Does Postgres regional failover happen automatically?

shugel · April 24, 2023, 12:34pm

I have a pretty standard Fly setup: HA Postgres in one region, with a read replica in an adjacent region, with app instances to match (2 primary + 1 backup). I have no other volumes.

If my primary region goes down, my secondary region remains available, but I assume it will be in read-only mode: that is, my single read replica isn’t elected as a leader (is this assumption correct?).

Is there a way to configure my cluster to automatically fail over to my backup region, e.g. by running a second read replica in the backup region, so there are at least theoretically enough members to create a HA cluster?

danwetherald · April 25, 2023, 5:45am

I have been trying to better understand this topic as well over here:

https://community.fly.io/t/better-understanding-best-practices-for-ha-for-both-web-apps-and-pg-apps

shaun · April 25, 2023, 1:04pm

If my primary region goes down, my secondary region remains available, but I assume it will be in read-only mode: that is, my single read replica isn’t elected as a leader (is this assumption correct?).

Yep, that is correct. Keep in mind though, if you’re running the flex implementation, you need 3 nodes running within your primary region for HA.

Is there a way to configure my cluster to automatically fail over to my backup region, e.g. by running a second read replica in the backup region, so there are at least theoretically enough members to create a HA cluster?

We do not currently support automatic regional failovers. In the event you need to perform a regional failover on a Nomad setup, you can reference: High Availability & Global Replication · Fly Docs

shugel · April 25, 2023, 2:00pm

I migrated to the V2 version of Postgres last week, so I’m not on Nomad anymore, but I’m not sure whether I’m on flex. I’m running image version flyio/postgres:14.6 (v0.0.38), so maybe it is? How can I confirm this?

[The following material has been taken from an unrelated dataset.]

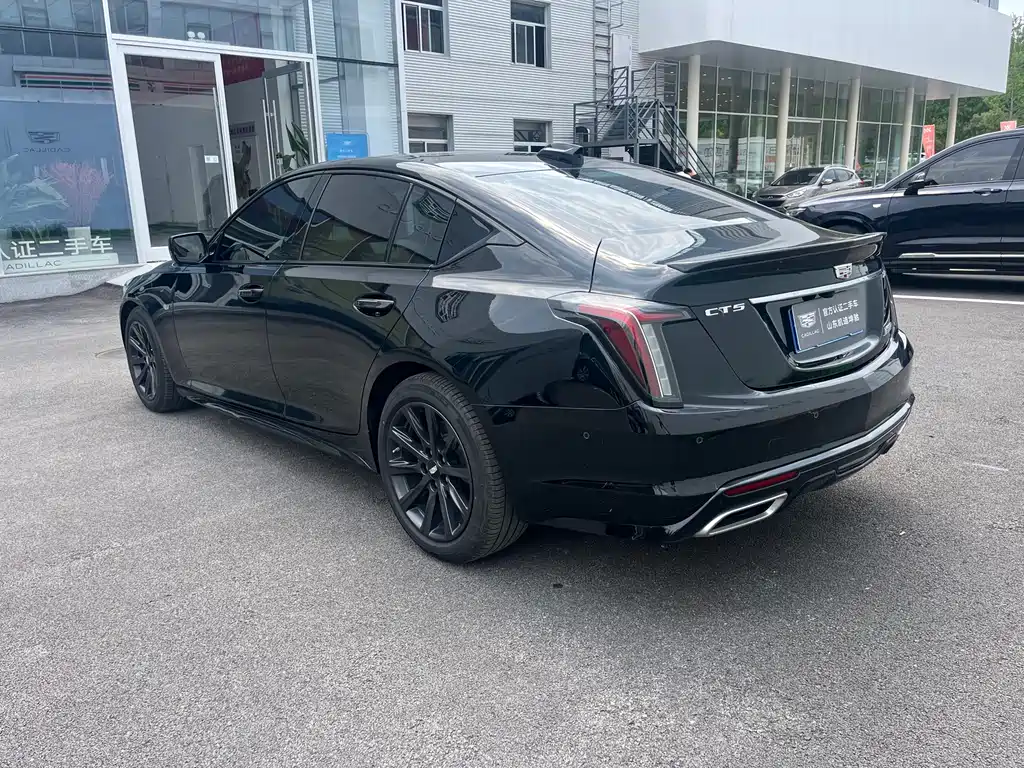 Cadillac CT5 2025 — фото 14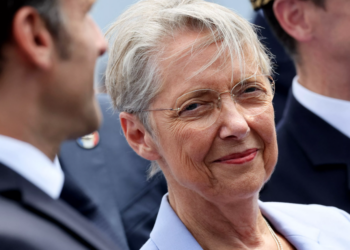 Elisabeth Borne est-elle en couple ? 8 Elisabeth Borne est-elle en couple ? Elisabeth Borne est-elle en couple ?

In any case, the docs explicitly mention 2 + nodes for HA, not 3. It’s not a problem for me to scale up, but that should be mentioned – Postgres V1 created two nodes and called it HA.

We do not currently support automatic regional failovers. In the event you need to perform a regional failover on a Nomad setup, you can reference: High Availability & Global Replication · Fly Docs

Thanks for clarifying. Are there plans to support it? As I mentioned, I’m no longer on Nomad…

shaun · April 25, 2023, 2:20pm

@shugel Yeah, i’m sorry this is confusing.

Stolon setups run the image: flyio/postgres:*
Flex setups run the image: flyio/postgres-flex:*

Are there plans to support it?

We don’t have any immediate plans. It’s actually a pretty hard problem and the rarity of a regional split/outage makes it a tough to prioritize. At the very least, we do want to simplify the process for users who wish to manually failover into a new region.

danwetherald · April 25, 2023, 3:14pm

@shaun Can you share some documentation on the difference of these two images and the correct way to deploy each image? Also, is there somewhere we can learn more on how these work during failures (both hardware and regional failures).

shaun · April 25, 2023, 3:21pm

The Postgres Flex implementation is the current default setup, assuming you’re running a recent flyctl version.

This post should provide some context:

Also, is there somewhere we can learn more on how these work during failures (both hardware and regional failures).

How this implementation responds during hardware and regional failures is going to depend heavily on your setup.

How we handle fencing can be found here, which may or may not answer some of your questions: postgres-flex/docs/fencing.md at master · fly-apps/postgres-flex · GitHub

If you have any specific scenarios in mind, let me know.

danwetherald · April 25, 2023, 3:26pm

Thanks @shaun - I am actually reading through that topic as we speak.

As for describing some of the scenarios, I have had a topic open here: https://community.fly.io/t/better-understanding-best-practices-for-ha-for-both-web-apps-and-pg-apps that explains some of the situations that I am trying to better understand as well as how to best set everything up for HA.

shaun · April 25, 2023, 3:55pm

So I think some of your questions may be a little too broad, making them challenging to answer in a timely manor. Answering how HA works is tough when the context spans Apps, Proxy, Databases, etc. I would recommend trying to come up with some specific failure cases that you’re worried about or work to define the specific requirements that you’re working with and folks can help make some recommendations.

danwetherald · April 25, 2023, 4:02pm

Hmm I had a few other pretty specific questions in there, I also outlined 3 examples of failures that we would like to feel good about handling. I also have some very specific questions that are aimed at some pretty specific scenarios.

@shaun Should we move this conversation to the thread I referenced?